Believe me, I've pushed for a header and we do typically use them with the 2000 series devices. It's just not an option and will create a major redesign.

Where do I find a sample file? It's not something I can immediately find

Many thanks

Sean
Try C:\DCRABBIT_9.62\Samples\DEMO1.C.
Partial success.  One of the boards would accept the Demo1 firmware and worked away. So I found the place in my code that caused the run to fail. Isolated the associated hardware and got the board to run. Easy fix.

The second board will not accept run the demo firmware and it doesn't look like it's the same issue as the first board.

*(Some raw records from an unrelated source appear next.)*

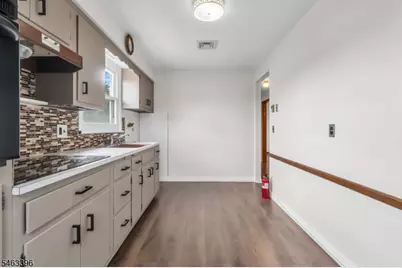115 Van Riper Ave #2, Clifton, NJ 07011 - Photo 6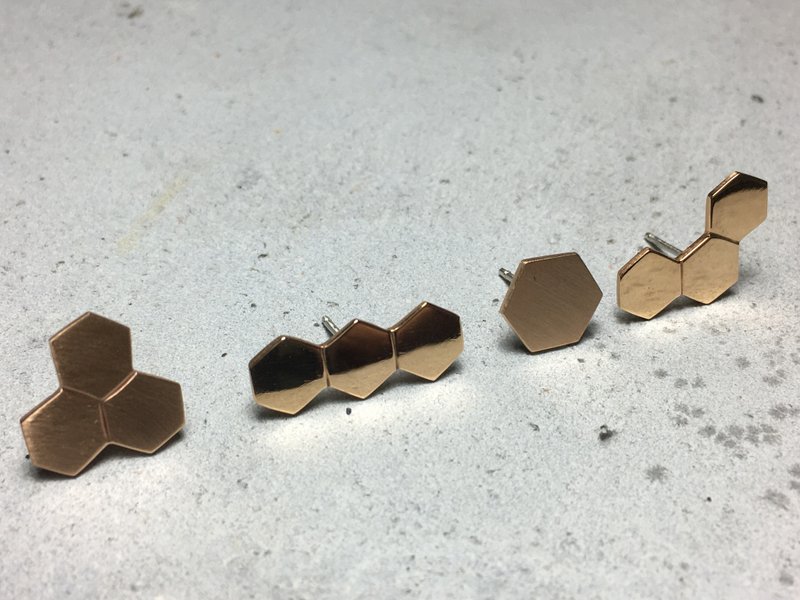 AJEOSSI【手工×定制×DIY】 黄铜、红铜×蜂巢耳环敲字 - 耳环/耳夹 - 铜/黄铜 金色
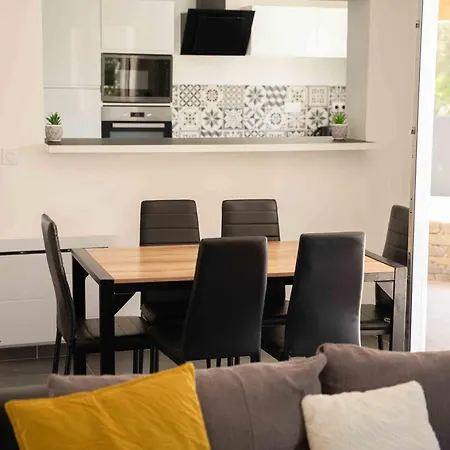 Semesterbostad Maison Provencale *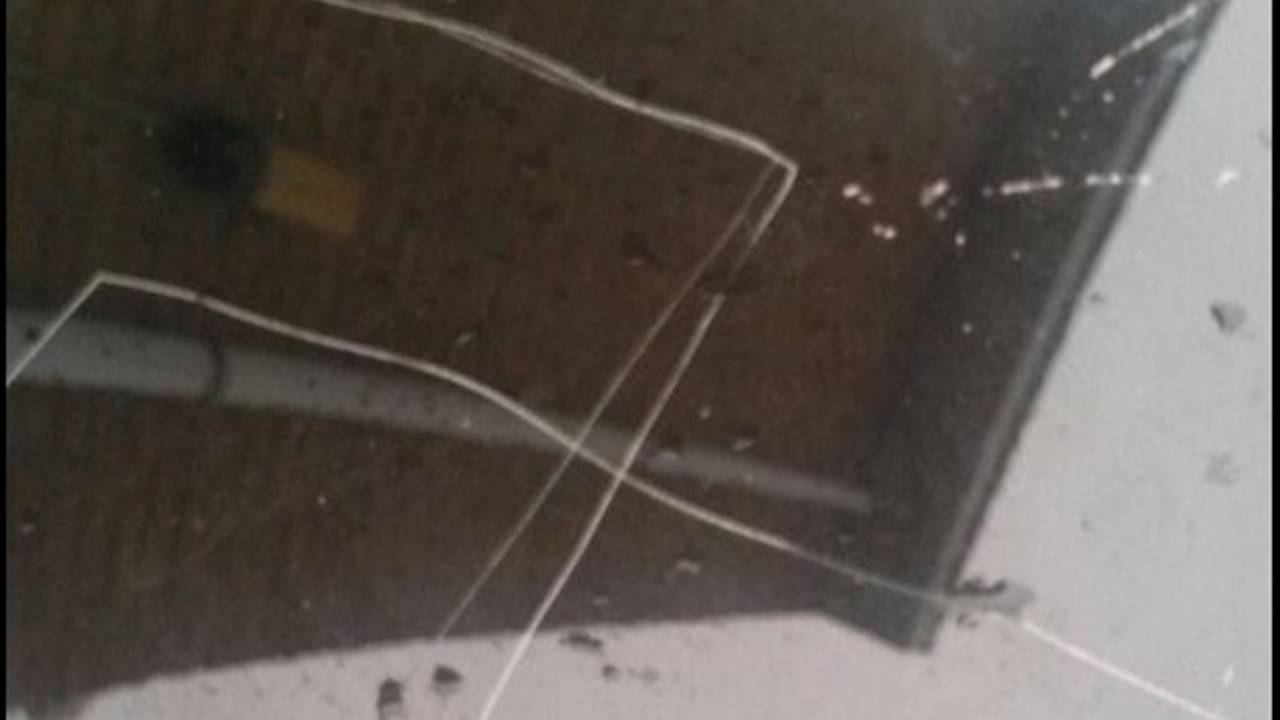 De gekerfde hakenkruis (Foto: De Pezerikken)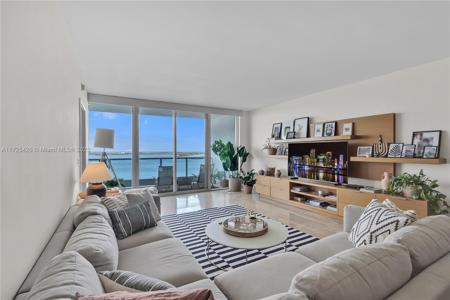 1331 Brickell Bay Dr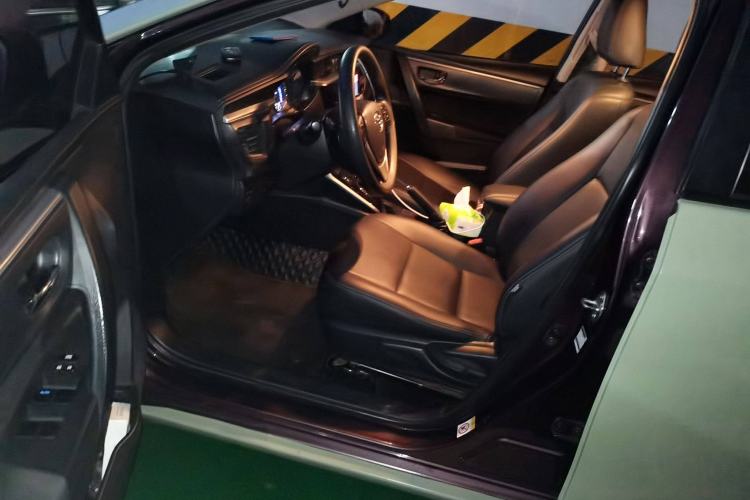 Used Toyota Levin 2016 Dual-Engine 1.8H GS E-CVT Elite Model with Sunroof Driver Seat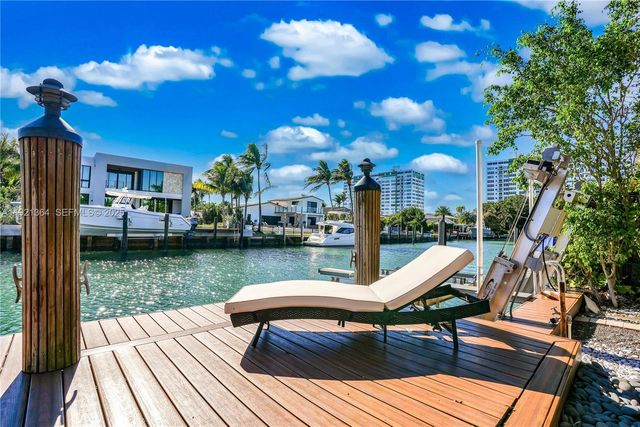 2130 NE 122nd Rd, North Miami, FL 33181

When running in debug mode, the firmware is downloaded to the device, there is comms both ways on the programming line, but when the program should start,DC throws an error: "While Sensing User Program: Timeout while waiting for response from target."
If I was troubleshooting this, I would use a logic probe to capture the serial port A traffic (used as the debug interface) and compare it between the working and failing hardware.  It's going to be difficult to identify whether the RCM4300 was damaged during manufacturing, or if there's something in the baseboard hardware causing problems (e.g., pulling an I/O line low or high).

Of your 16 units, are the other 14 (plus the repaired board) working correctly?  I think for the board that continues to fail, you will need to run various tests to compare it to boards that are working.